За неделю до назначенной даты доклада Стивен вверил рукам председателя небольшую стопку бумаги, исписанной аккуратным почерком.
Макканн причмокнул губами и положил рукопись во внутренний карман сюртука:
— Я прочитаю это сегодня вечером, и давай завтра встретимся здесь в этот же час. По-моему, я уже заранее знаю все, что там есть.
На следующий [вечер] день Макканн сообщил:
— Что же, я прочел твой доклад.
— И что же?
— Блестяще написано — правда, на мой взгляд, резковато. Но сегодня утром я отдал его ректору, чтобы он прочел.
— Зачем?
— Ты знаешь, все доклады нужно сначала передавать ему на утверждение.
— Ты хочешь сказать, — с презрением сказал Стивен, — что ректор должен одобрить мой доклад, прежде чем я смогу его зачитать в вашем обществе?!
— Да. Он наш цензор.
— Отличнейшее общество!
— А почему бы и нет?
— Парень, это же детские игры. Вы мне напоминаете детей под присмотром няньки.
— Ничего не поделаешь. Приходится брать, что в наших возможностях.
— А почему попросту не прикрыть лавочку?
— Это все-таки ценно для нас. Молодежь приучается выступать на публике — как им потом придется в суде или на политическом митинге.
— Мистер Дэниэл мог бы то же сказать про свои шарады.
— Ручаюсь, мог бы.
— Так значит, этот ваш цензор сейчас изучает мой доклад?

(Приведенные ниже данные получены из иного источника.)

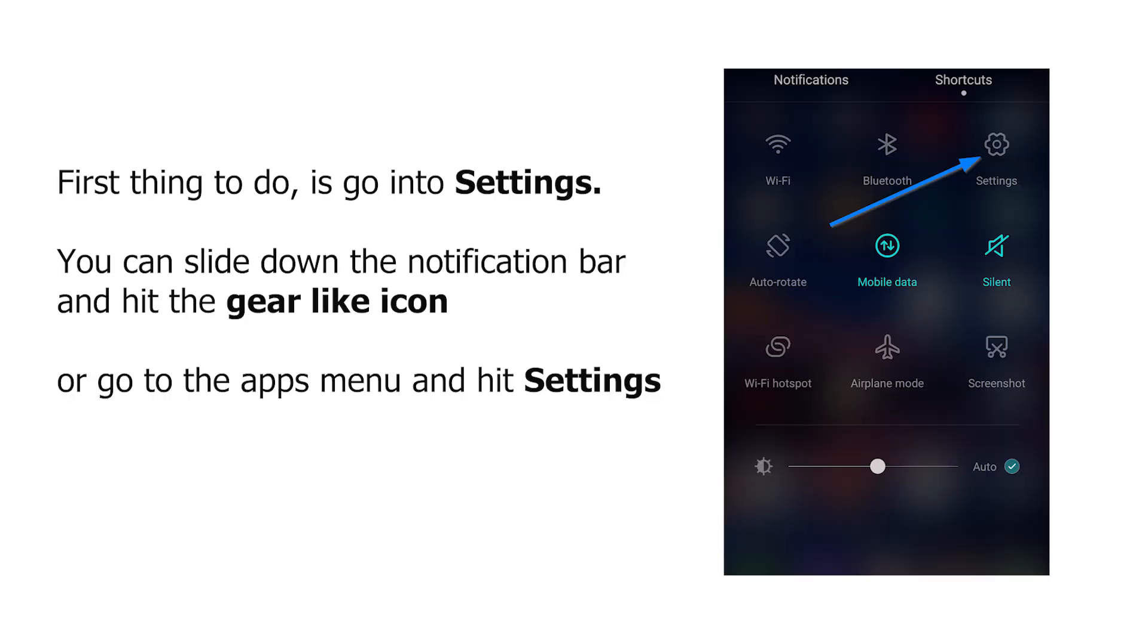First thing to do is go into settings. You can slide down the notification bar on the upper right corner and hit the small icon that looks like a gear, which says settings. Or you can just simply go to the apps menu and look for the settings app.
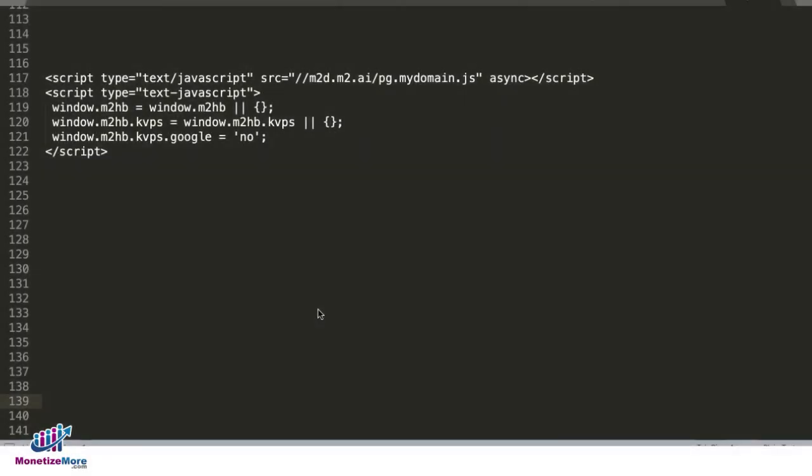If you received a notification that some of your content or web pages or sections of your site are in violation of Google's Terms of Service, then we need to exclude those pages from serving Google Ads.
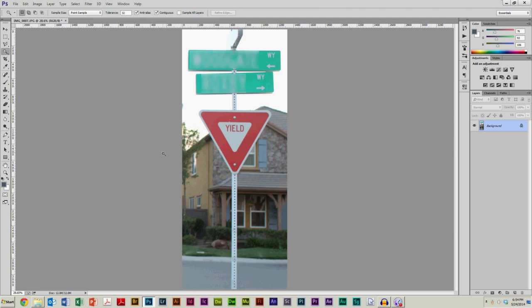So let's say I don't like this yield sign being red. Well, no problem. Just click it. Boom. Selected the red color.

— Что ж, он свободомыслящий человек…
— Ага.
Меж тем как двое юношей вели эту беседу на ступенях Библиотеки, к ним приблизился Хилан, главный оратор[20] колледжа. Этот округлый и слащавый молодой человек, бывший секретарем Общества, готовился быть адвокатом. Сейчас он взирал на Стивена с выражением легкого завистливого ужаса, растеряв весь свой аттический багаж:
— Ваш доклад попал под запрет, Дедал.
— Кто это сказал?
— Его высокопреподобие доктор Диллон.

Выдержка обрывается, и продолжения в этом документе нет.